Data shown section start
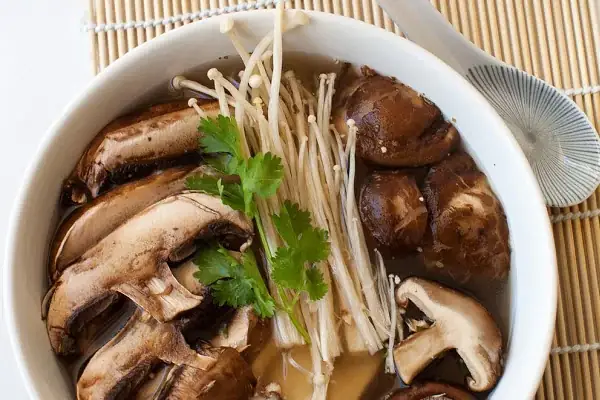 Cách nấu súp gà nấm kim châm ngon đúng điệu tại nhà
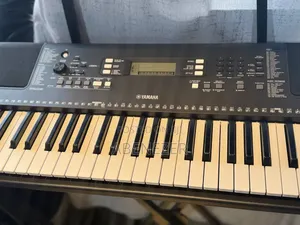 Yamaha PSR E363 Keyboard Piano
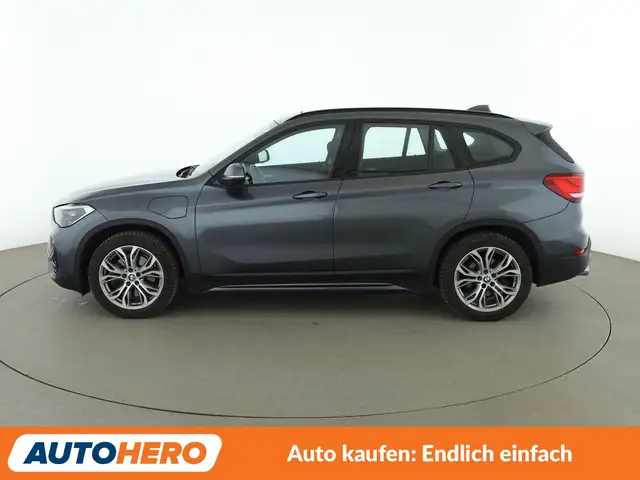 BMW X1 view 3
Data shown section end
- _Your assignment_
When you output the listing, reproduce it exactly but drop its pictures.

- _Solved problem_
 Cách nấu súp gà nấm kim châm ngon đúng điệu tại nhà
 Yamaha PSR E363 Keyboard Piano
 BMW X1 view 3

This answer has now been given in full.